The so-called “destination golf school” at the high-end resort staffed by magazine-cover pros was big business a generation ago. Some of those fly-in resort schools remain, but very few compared to the glory days. In the time since, enterprising golf instructors who enjoy traveling for fun and profit have been taking their students on group trips to great places. It’s a way to deepen the coach-student relationship while helping average golfers get more enjoyment out of their golf-vacation investment.
These are favorable times for any go-with-the-teaching-pro effort, according to golf travel expert Ed Schmidt, Jr. Schmidt points out that Baby Boomers are teed up perfectly for this activity, given how much free time and disposable income they possess, compared to Gen X and Millennial golfers.
“Boomers play more golf than any other age group and many are intent on playing the courses at the top of their bucket lists,” Schmidt explains. “In 2019 and beyond, more Boomers will travel in off-peak seasons to capitalize on discounted trips. Many trip offerings like golf cruises, packages to major championships and pro-ams are designed to appeal to Baby Boomers.”
Women are a big part of this trend, he notes, as affluent retiree couples include golf in their itineraries even as they build in side trips to cultural and historic landmarks. And this is where the instructor who has taught any non-golfing spouse how to play well enough to participate in such trips is perfectly positioned. Any seasoned teacher ought to have at least four cases of a couple that became a golf twosome thanks to their coaching. Invite those players on a trip and they have every reason to say yes.
Award-winning instructor Brad Redding built up repeat business for his annual trip down to PGA Village in Port St Lucie in February and March. “It’s a four-day trip to get their games ready for spring,” says Redding. “The format is golf in the morning and three hours of instruction in the afternoon.” The afternoon instruction includes plenty of supervised practice, an element of game-improvement that has been rising in perceived value among amateur golfers.
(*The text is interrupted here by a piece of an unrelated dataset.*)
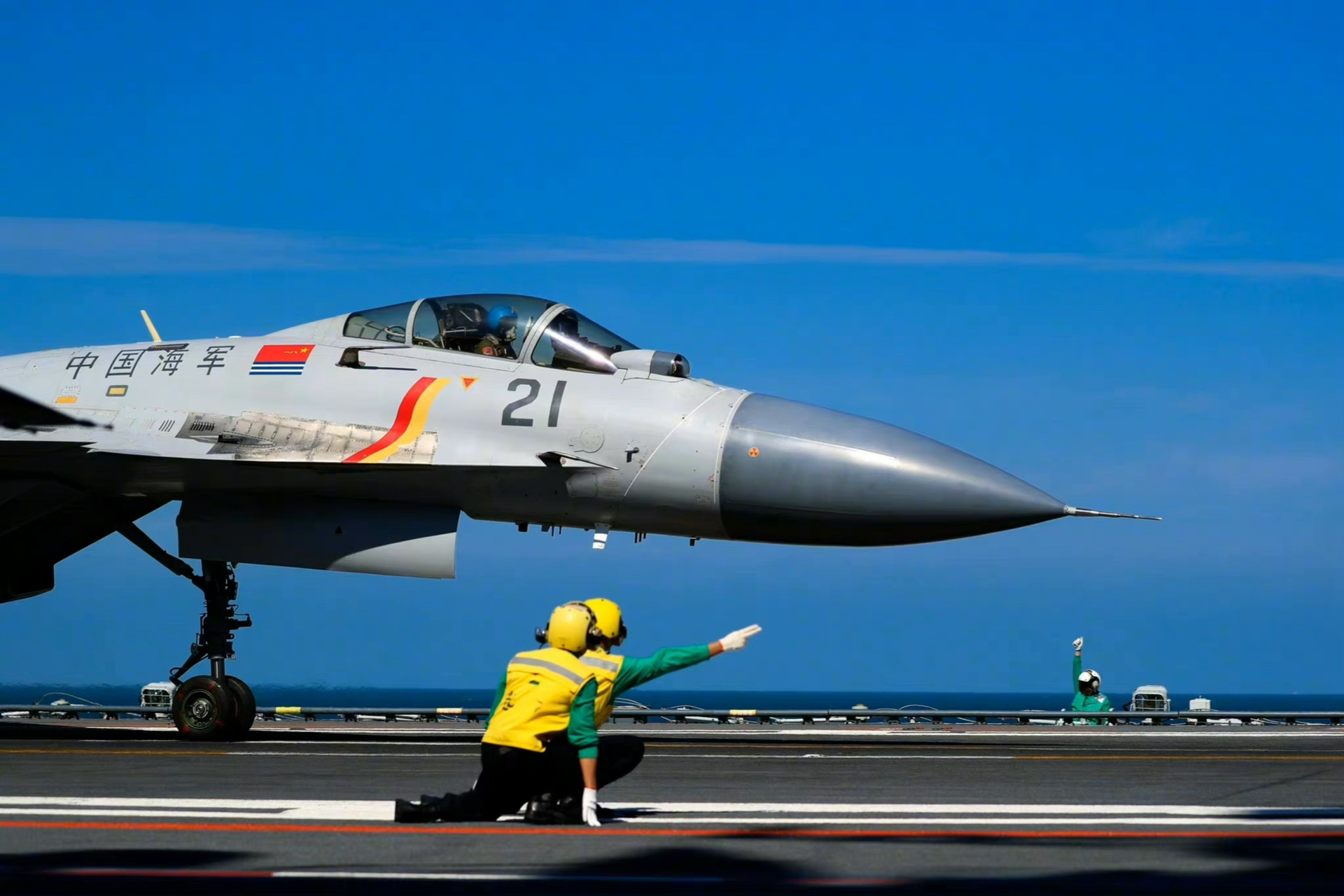航母舰载机歼-15，中国海军航空兵力量的璀璨明珠，中国海军航空兵力量璀璨明珠，歼-15舰载机揭秘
Meanwhile the morning 18 can act as a playing lesson with focus on decision-making—another hot topic in teaching.
Rob Stocke, director of instruction at White Columns Country Club in Milton, Ga., views travel and touring as the ultimate connection with golfers. “No matter how much time you spend teaching lessons or in the shop,” Stocke maintains, “nothing compares to spending time with members during a golf trip.”
Any golf instructor thinking ahead to the off-season and considering a trip to warm weather with students in tow will want to consider Sea Island, the landmark golf resort in the Golden Isles region of coastal Georgia. Sea Island has a heritage of world-class golf and brilliant instruction to go with its natural beauty and sophisticated luxury—and all that was before two highly relevant things happened. First, a gleaming new citadel of game-improvement, the 17,000-square-foot, state-of-the-art Golf Performance Center, was added to the amenity package. Second, an appealing getaway opportunity was created, the “Sea Island Pro Program.”
Any teacher who participates will receive a $50 Sea Island resort credit for every paid room-night housing a student the professional brings along—this applies to all of the resort’s stellar overnight options: The Lodge, The Cloister, The Cottages, or The Inn. In addition, the professional’s room and golf will be complimentary in every instance where a traveling party of seven or more golfers joins him or her. At the end of the year, a Sea Island gift card gets sent to the professional, to be spent on rooms, food, beverage, resort activities or to purchase merchandise from the Sea Island website.